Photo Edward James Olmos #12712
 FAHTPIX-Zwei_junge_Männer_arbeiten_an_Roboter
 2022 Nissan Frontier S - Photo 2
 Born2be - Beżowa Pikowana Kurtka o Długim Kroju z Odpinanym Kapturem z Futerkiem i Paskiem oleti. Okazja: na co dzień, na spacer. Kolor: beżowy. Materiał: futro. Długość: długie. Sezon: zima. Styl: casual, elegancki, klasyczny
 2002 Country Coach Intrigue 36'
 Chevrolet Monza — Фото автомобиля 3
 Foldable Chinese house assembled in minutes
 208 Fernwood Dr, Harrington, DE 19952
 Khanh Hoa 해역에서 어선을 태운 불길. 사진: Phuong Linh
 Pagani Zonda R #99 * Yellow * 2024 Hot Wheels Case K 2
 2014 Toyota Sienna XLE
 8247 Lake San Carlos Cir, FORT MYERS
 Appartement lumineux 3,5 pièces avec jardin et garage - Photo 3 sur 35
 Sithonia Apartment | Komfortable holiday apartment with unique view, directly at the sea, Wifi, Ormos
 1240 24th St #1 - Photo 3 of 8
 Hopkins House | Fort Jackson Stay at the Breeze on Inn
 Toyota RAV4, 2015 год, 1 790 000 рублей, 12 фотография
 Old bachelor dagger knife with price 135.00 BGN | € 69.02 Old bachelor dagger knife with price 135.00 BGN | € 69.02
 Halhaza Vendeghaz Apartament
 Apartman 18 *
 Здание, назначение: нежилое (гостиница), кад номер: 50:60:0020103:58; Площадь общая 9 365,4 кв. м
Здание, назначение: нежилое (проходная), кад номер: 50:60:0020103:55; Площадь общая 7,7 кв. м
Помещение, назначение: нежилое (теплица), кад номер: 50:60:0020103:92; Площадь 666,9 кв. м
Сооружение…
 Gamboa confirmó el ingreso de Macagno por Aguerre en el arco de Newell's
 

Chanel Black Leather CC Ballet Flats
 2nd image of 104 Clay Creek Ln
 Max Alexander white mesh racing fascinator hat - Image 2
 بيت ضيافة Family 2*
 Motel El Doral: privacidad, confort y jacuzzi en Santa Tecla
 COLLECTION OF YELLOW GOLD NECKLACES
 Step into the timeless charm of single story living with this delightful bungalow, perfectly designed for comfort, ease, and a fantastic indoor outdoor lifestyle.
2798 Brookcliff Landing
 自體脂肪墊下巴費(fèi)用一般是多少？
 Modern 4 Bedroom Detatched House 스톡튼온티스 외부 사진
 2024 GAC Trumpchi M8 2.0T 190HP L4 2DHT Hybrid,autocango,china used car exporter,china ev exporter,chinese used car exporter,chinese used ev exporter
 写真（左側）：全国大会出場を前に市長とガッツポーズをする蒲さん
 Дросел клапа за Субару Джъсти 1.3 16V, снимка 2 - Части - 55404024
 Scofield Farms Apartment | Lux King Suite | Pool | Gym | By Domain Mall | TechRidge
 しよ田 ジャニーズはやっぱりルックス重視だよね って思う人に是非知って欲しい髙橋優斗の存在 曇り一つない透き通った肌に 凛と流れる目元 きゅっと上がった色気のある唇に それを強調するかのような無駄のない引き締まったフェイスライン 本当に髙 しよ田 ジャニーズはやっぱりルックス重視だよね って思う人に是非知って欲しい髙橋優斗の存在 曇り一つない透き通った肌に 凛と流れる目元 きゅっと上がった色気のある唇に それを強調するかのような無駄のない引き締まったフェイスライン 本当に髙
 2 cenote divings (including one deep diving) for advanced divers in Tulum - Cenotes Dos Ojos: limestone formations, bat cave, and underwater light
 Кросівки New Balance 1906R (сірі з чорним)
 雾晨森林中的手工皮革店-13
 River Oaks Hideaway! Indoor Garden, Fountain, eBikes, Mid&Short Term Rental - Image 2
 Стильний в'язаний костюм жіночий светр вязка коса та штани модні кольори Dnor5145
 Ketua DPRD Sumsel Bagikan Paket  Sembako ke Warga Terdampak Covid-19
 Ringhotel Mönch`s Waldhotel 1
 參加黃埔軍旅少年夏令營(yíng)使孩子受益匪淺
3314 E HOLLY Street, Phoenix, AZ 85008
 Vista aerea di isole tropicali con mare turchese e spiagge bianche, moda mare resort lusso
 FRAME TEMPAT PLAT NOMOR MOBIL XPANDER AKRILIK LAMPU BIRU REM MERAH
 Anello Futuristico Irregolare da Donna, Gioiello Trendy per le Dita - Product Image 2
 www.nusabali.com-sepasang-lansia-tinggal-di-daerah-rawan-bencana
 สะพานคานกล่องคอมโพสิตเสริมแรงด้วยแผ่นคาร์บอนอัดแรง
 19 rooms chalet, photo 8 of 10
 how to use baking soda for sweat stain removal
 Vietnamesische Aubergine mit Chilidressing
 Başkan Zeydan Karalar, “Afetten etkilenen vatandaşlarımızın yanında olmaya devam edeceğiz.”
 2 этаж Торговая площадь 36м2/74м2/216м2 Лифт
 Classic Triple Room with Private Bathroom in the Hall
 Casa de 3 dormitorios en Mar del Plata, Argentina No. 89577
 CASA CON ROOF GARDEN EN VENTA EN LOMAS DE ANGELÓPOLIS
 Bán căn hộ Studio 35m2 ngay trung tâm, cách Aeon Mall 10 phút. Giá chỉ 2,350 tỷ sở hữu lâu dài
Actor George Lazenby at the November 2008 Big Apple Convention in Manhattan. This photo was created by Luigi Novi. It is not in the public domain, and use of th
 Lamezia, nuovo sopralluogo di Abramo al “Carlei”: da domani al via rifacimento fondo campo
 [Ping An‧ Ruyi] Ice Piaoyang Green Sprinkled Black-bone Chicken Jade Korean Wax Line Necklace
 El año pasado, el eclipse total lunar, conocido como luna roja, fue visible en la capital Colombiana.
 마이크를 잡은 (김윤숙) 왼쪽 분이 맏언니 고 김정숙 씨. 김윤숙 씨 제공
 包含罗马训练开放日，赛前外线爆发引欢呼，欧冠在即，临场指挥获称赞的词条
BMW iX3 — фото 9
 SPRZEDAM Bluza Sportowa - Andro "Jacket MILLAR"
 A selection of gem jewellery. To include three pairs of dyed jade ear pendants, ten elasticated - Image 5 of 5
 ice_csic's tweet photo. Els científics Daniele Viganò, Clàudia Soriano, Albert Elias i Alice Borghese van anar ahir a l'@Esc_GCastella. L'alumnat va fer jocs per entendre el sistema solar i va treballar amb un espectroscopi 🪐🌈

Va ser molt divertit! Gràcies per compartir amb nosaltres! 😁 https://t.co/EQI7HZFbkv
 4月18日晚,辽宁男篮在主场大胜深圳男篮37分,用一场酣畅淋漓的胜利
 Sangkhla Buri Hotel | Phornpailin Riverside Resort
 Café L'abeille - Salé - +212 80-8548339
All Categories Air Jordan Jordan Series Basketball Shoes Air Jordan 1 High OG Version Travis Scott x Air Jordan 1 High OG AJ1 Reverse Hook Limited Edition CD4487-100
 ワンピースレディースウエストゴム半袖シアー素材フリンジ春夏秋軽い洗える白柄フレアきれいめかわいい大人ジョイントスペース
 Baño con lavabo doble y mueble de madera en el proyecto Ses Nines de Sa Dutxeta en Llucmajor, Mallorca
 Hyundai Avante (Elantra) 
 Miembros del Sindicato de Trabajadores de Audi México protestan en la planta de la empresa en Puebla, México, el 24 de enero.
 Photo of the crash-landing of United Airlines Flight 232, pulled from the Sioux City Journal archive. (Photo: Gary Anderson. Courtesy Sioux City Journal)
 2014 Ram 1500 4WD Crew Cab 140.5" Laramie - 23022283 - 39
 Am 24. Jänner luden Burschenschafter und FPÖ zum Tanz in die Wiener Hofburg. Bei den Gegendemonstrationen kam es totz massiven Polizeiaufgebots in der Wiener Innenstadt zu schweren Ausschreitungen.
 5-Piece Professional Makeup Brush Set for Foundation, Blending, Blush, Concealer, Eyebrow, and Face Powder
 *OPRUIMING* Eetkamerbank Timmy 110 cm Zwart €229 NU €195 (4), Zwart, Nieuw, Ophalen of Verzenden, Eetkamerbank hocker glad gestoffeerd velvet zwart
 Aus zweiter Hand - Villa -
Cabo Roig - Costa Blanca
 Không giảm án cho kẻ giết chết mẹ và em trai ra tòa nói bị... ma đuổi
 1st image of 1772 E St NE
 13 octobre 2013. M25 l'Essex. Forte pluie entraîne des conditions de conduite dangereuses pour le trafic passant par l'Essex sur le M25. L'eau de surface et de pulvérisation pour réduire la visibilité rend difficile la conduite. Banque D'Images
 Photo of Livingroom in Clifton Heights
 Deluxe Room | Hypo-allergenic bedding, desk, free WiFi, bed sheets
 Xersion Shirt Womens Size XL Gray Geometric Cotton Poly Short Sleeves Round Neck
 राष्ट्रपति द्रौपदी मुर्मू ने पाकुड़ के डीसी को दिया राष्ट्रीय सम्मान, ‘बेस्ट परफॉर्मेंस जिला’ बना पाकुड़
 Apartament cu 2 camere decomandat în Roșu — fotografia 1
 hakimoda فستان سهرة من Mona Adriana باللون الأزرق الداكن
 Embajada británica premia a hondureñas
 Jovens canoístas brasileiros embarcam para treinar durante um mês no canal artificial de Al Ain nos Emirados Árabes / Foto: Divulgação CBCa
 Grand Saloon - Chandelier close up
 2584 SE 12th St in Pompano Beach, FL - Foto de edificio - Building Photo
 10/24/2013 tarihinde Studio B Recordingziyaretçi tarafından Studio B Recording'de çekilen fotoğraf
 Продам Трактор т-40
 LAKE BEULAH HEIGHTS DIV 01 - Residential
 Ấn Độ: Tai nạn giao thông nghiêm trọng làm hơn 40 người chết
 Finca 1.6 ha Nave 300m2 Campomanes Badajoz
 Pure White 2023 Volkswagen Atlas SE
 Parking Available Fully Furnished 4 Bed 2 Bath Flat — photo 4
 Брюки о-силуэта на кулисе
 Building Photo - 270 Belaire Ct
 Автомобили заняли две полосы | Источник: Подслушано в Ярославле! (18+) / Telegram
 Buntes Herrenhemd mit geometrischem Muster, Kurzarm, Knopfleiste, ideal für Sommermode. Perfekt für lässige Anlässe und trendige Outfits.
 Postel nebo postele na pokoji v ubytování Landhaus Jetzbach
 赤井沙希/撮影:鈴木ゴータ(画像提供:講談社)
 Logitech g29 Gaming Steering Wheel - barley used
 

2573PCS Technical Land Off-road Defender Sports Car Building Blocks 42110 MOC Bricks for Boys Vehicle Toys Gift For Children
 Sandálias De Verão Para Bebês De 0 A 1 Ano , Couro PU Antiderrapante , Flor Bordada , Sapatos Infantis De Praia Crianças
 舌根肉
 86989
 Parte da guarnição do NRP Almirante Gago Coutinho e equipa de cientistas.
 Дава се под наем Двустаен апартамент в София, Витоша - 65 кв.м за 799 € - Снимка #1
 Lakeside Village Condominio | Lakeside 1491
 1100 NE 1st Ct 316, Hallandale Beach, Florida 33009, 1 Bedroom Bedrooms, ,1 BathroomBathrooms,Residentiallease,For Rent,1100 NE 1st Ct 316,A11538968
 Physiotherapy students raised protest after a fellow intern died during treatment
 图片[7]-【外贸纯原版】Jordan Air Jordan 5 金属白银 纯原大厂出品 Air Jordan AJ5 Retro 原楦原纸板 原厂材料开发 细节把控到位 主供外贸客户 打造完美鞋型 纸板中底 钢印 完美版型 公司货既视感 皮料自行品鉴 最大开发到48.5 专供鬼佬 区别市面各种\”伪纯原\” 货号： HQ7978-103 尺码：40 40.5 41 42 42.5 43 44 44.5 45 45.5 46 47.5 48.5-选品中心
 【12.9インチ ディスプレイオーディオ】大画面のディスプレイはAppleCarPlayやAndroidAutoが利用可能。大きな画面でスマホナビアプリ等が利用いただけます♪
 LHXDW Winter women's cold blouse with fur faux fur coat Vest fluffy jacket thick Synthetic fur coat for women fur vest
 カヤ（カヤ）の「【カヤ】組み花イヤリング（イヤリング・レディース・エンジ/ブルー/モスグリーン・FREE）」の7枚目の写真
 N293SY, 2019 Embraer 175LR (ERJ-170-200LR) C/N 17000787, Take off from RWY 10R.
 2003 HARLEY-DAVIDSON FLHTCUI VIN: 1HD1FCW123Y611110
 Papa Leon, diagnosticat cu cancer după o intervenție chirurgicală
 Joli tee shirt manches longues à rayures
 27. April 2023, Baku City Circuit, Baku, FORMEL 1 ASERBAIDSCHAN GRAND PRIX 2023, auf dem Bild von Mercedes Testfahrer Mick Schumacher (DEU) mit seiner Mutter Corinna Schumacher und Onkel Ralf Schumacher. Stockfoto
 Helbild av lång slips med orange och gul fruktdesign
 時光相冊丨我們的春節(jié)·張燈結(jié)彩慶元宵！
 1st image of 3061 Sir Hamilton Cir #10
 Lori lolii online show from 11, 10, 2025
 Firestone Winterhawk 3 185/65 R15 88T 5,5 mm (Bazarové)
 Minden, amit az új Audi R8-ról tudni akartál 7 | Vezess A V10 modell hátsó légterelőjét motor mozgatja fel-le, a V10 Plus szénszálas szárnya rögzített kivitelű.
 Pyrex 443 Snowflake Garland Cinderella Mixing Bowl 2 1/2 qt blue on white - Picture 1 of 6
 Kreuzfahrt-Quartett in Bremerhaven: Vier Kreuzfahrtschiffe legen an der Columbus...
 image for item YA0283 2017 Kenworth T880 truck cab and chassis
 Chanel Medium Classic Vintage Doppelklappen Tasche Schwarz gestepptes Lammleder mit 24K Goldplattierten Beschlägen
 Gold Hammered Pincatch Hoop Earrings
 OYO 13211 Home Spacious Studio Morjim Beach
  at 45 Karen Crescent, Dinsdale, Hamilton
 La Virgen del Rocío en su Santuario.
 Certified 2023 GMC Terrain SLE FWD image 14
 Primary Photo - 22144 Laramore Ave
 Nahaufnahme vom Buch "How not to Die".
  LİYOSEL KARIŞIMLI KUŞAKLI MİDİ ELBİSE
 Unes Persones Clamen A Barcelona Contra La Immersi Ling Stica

Task objective:
Above are the records; from them, give again exactly the lines from the one containing "CASA CON ROOF" to the one containing "2014 Ram 1500", both lines included, and nothing more.

Solution below:
 CASA CON ROOF GARDEN EN VENTA EN LOMAS DE ANGELÓPOLIS
 Bán căn hộ Studio 35m2 ngay trung tâm, cách Aeon Mall 10 phút. Giá chỉ 2,350 tỷ sở hữu lâu dài
Actor George Lazenby at the November 2008 Big Apple Convention in Manhattan. This photo was created by Luigi Novi. It is not in the public domain, and use of th
 Lamezia, nuovo sopralluogo di Abramo al “Carlei”: da domani al via rifacimento fondo campo
 [Ping An‧ Ruyi] Ice Piaoyang Green Sprinkled Black-bone Chicken Jade Korean Wax Line Necklace
 El año pasado, el eclipse total lunar, conocido como luna roja, fue visible en la capital Colombiana.
 마이크를 잡은 (김윤숙) 왼쪽 분이 맏언니 고 김정숙 씨. 김윤숙 씨 제공
 包含罗马训练开放日，赛前外线爆发引欢呼，欧冠在即，临场指挥获称赞的词条
BMW iX3 — фото 9
 SPRZEDAM Bluza Sportowa - Andro "Jacket MILLAR"
 A selection of gem jewellery. To include three pairs of dyed jade ear pendants, ten elasticated - Image 5 of 5
 ice_csic's tweet photo. Els científics Daniele Viganò, Clàudia Soriano, Albert Elias i Alice Borghese van anar ahir a l'@Esc_GCastella. L'alumnat va fer jocs per entendre el sistema solar i va treballar amb un espectroscopi 🪐🌈

Va ser molt divertit! Gràcies per compartir amb nosaltres! 😁 https://t.co/EQI7HZFbkv
 4月18日晚,辽宁男篮在主场大胜深圳男篮37分,用一场酣畅淋漓的胜利
 Sangkhla Buri Hotel | Phornpailin Riverside Resort
 Café L'abeille - Salé - +212 80-8548339
All Categories Air Jordan Jordan Series Basketball Shoes Air Jordan 1 High OG Version Travis Scott x Air Jordan 1 High OG AJ1 Reverse Hook Limited Edition CD4487-100
 ワンピースレディースウエストゴム半袖シアー素材フリンジ春夏秋軽い洗える白柄フレアきれいめかわいい大人ジョイントスペース
 Baño con lavabo doble y mueble de madera en el proyecto Ses Nines de Sa Dutxeta en Llucmajor, Mallorca
 Hyundai Avante (Elantra) 
 Miembros del Sindicato de Trabajadores de Audi México protestan en la planta de la empresa en Puebla, México, el 24 de enero.
 Photo of the crash-landing of United Airlines Flight 232, pulled from the Sioux City Journal archive. (Photo: Gary Anderson. Courtesy Sioux City Journal)
 2014 Ram 1500 4WD Crew Cab 140.5" Laramie - 23022283 - 39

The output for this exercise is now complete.